The Defense Base Act (DBA), 42 USC 1651, provides workers' compensation coverage for civilian contractors working on U.S. military and public works contracts outside the continental United States. The DBA applies the Longshore and Harbor Workers' Compensation Act (Longshore Act), 33 USC 901, to these overseas locations where U.S. military or public works contractors operate.
The primary benefit of the DBA/Longshore system, like any workers' compensation law, is to provide a partial wage substitute for workers who are unable to earn wages after an on-the-job injury at as high a rate as they did before they were hurt. Wages are paid at 2/3 of the difference between the Average Weekly Wage at the time of the injury and the post-injury wage, capped at $1,295.20 for 2012.
For a worker who is totally disabled because of a work injury, this means that benefits are paid at 2/3 the average weekly wage during the period of total disability. Workers who return to work at reduced earnings, whether because of a reduction in hours or because they are forced into lower-paying work by their injuries, receive 2/3 of the difference between the pre- and post-injury wages.
Because the DBA/Longshore law is based on the Average Weekly Wage at the time of injury, calculation of accurate earnings as of the date of injury is important.

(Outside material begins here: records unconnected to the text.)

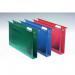 The image shows a pack of 50 ACCO Brands Suspension Filing Rexel A4 Suspension Files. The files are made of 30mm base, 100% Recycled Manilla and come in a vibrant green color. Each file has a clear tab for labeling and includes inserts for easy organization. These files are designed to fit into standard filing cabinets and provide efficient storage solutions.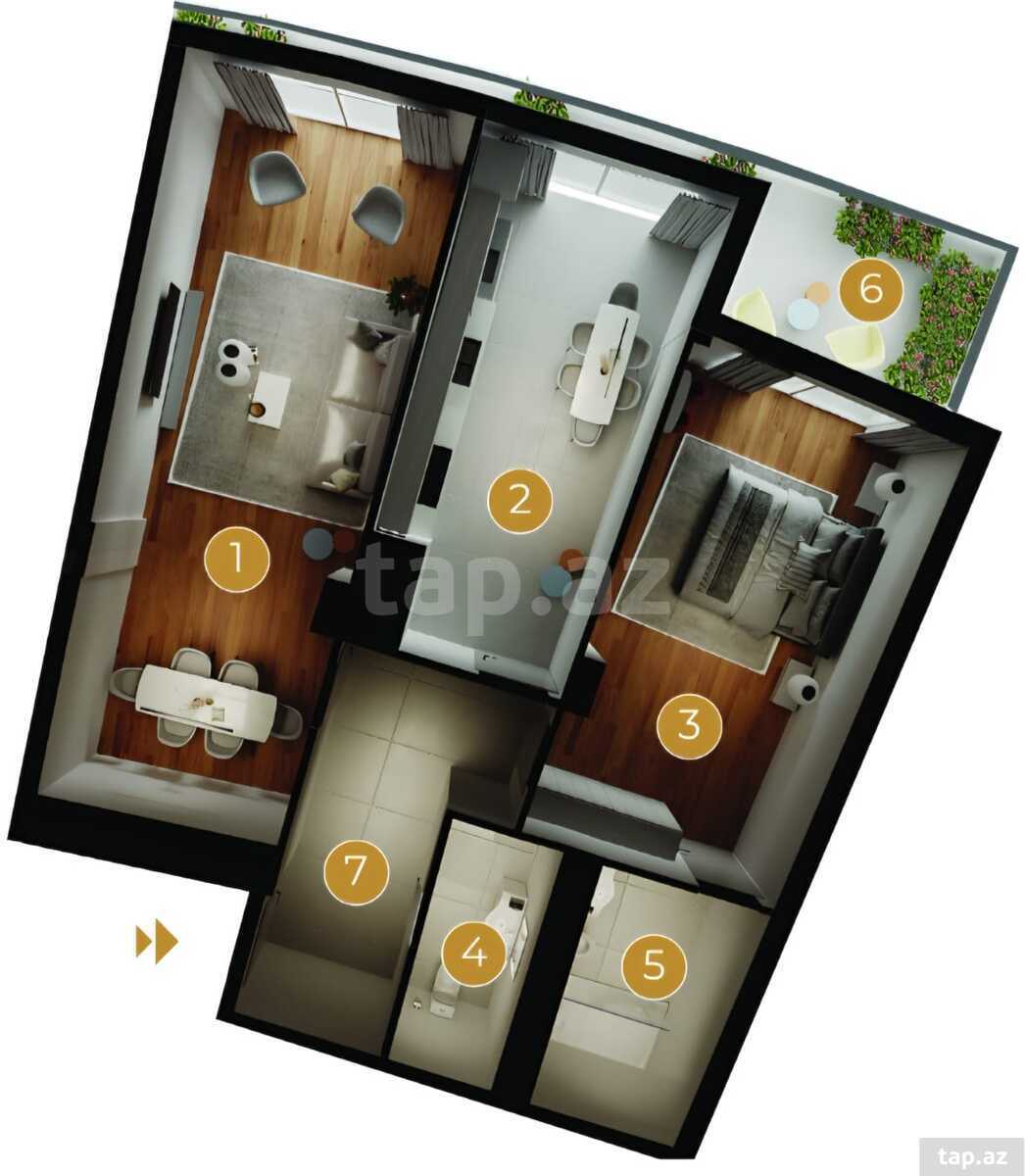 2-otaqlı yeni tikili, Həmdəm Ağayev küç., 126.6 m²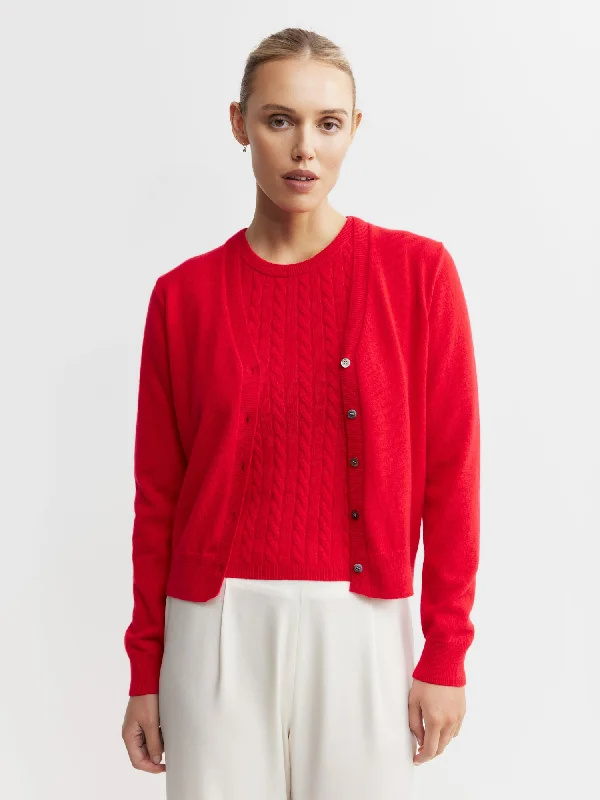 Essential Cashmere V Cardigan - Red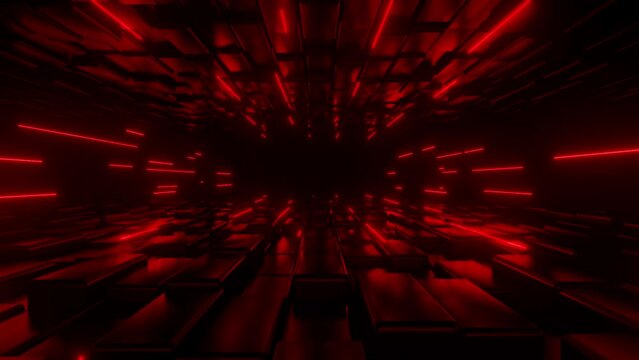 Back moving along dark tunnel illuminated by neon red lights. Digital space. Cyberspace decor element. VJ loop motion background. 4K animation - 3D Render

The Longshore Act, section 10 (33 USC 910), provides the approach for calculating the Average Weekly Wage. In plain terms, the statute states that for compensation purposes, the wage in question is the employee's earning "at the time of injury."
The next step is whether the injured worker has worked for "substantially the whole of the year" preceding the injury. The statute does not define what is "substantially the whole of the year." Injuries that happen soon after a worker starts working on an overseas contract can face the argument by employers that the Average Weekly Wage should be based not just on the higher, overseas earnings, but should include pre-injury stateside earnings.

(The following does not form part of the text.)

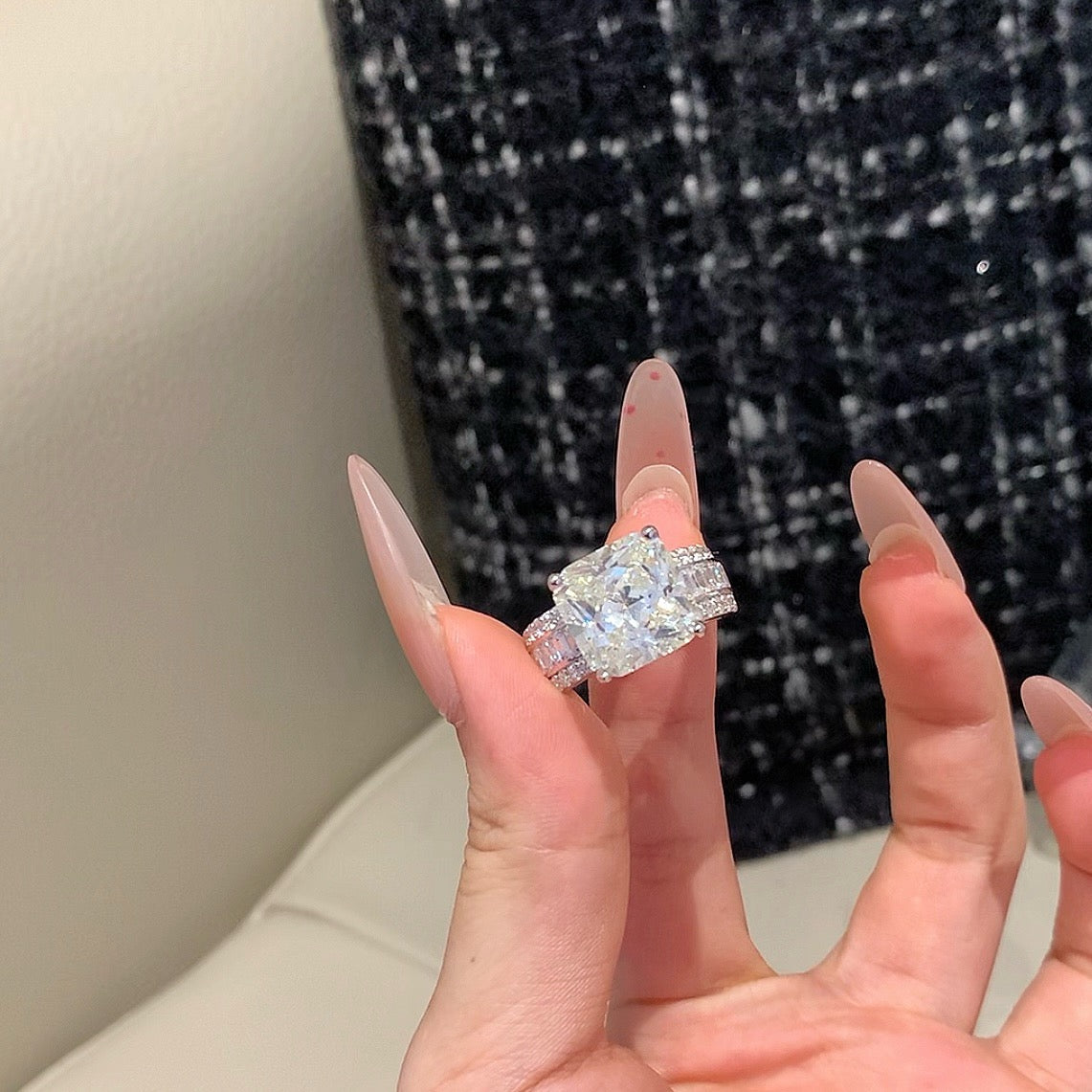 925 Sliver Ring戒子 枕形大鑽戒指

These arguments have been rejected for various reasons, but injured workers should be careful not to let insurance companies argue their Average Weekly Wage down: Overseas work pays at a high rate because of the inconvenience, danger, and other factors that make overseas work less attractive than stateside work. If you have been injured on an overseas job, be sure to consult an attorney before accepting the insurance company's calculation of your benefits.
Employers and insurance companies have also argued that overseas contracts are of limited duration, and Average Weekly Wages should therefore be an average of both high-paying overseas work and lower-paying pre-injury stateside work. Courts have largely rejected this attempt to reduce benefits as well, finding that the purpose of workers' compensation is to compensate for lost wage earning capacity, and that the best measure of an injured worker's lost earnings is the contract wage itself. In addition, it would be speculation to conclude that an injured worker would have left overseas employment if he or she had not been injured.

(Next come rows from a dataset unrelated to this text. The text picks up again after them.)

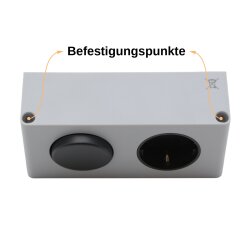 Einbau-Steckdosen-Box mit Schalter, 1x Schuko für Möbel & Spiegelschränke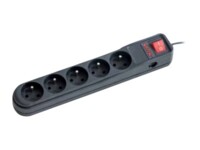 Armac ARC 5 Strømstødsbeskytter 5-stik 10A Sort 5m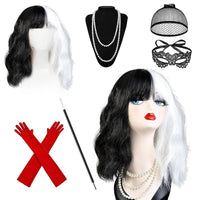 1 x RAW Customer Returns HIQE-FL Cruella costume for women, Halloween costume for women, 70s accessories, short black and white wig with women s lace mask, gloves necklace set, for carnival, fancy dress, theme party - RRP €20.78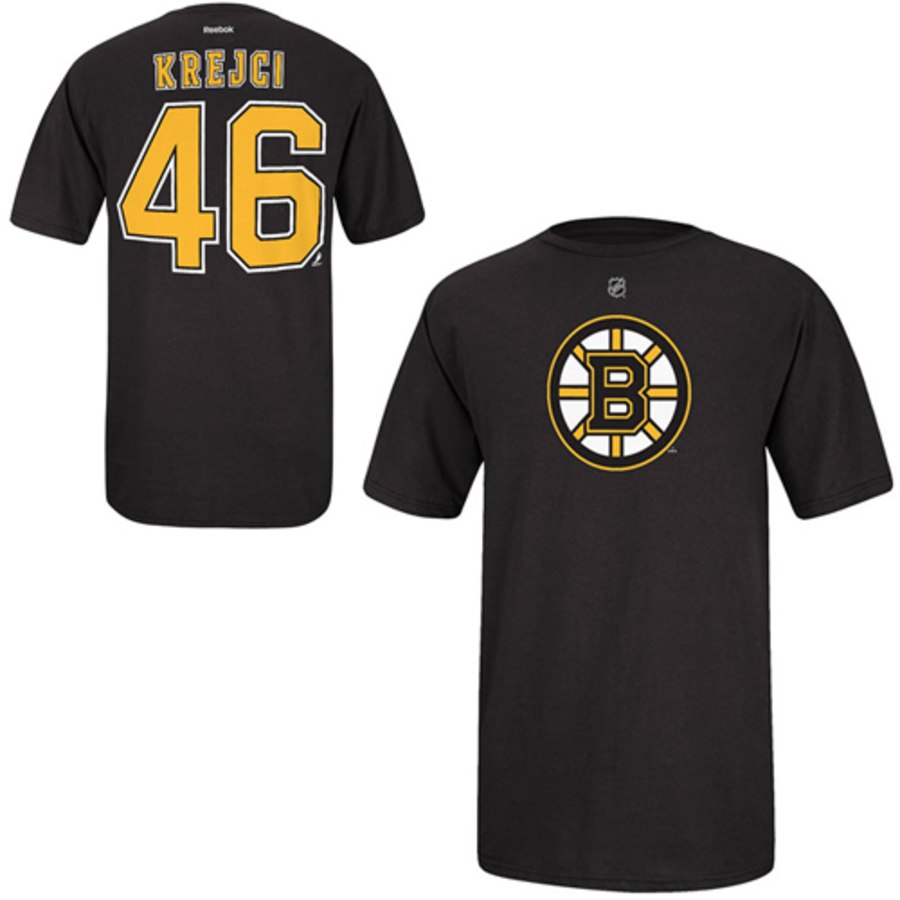 Boston Bruins #46 David Krejci Reebok Name and Number Player T-Shirt Black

Correct calculation of the Average Weekly Wage is essential to making sure that injured workers receive the benefits that the law provides. Employers and insurance carriers will sometimes try to argue that the short duration of overseas contracts, or the fact that an injury happens soon after arrival overseas, should justify basing benefits on wages lower than the worker was actually earning "at the time of the injury." Always consult an attorney who is familiar with the Defense Base Act/Longshore Act and overseas contracting if you have had an injury while working overseas.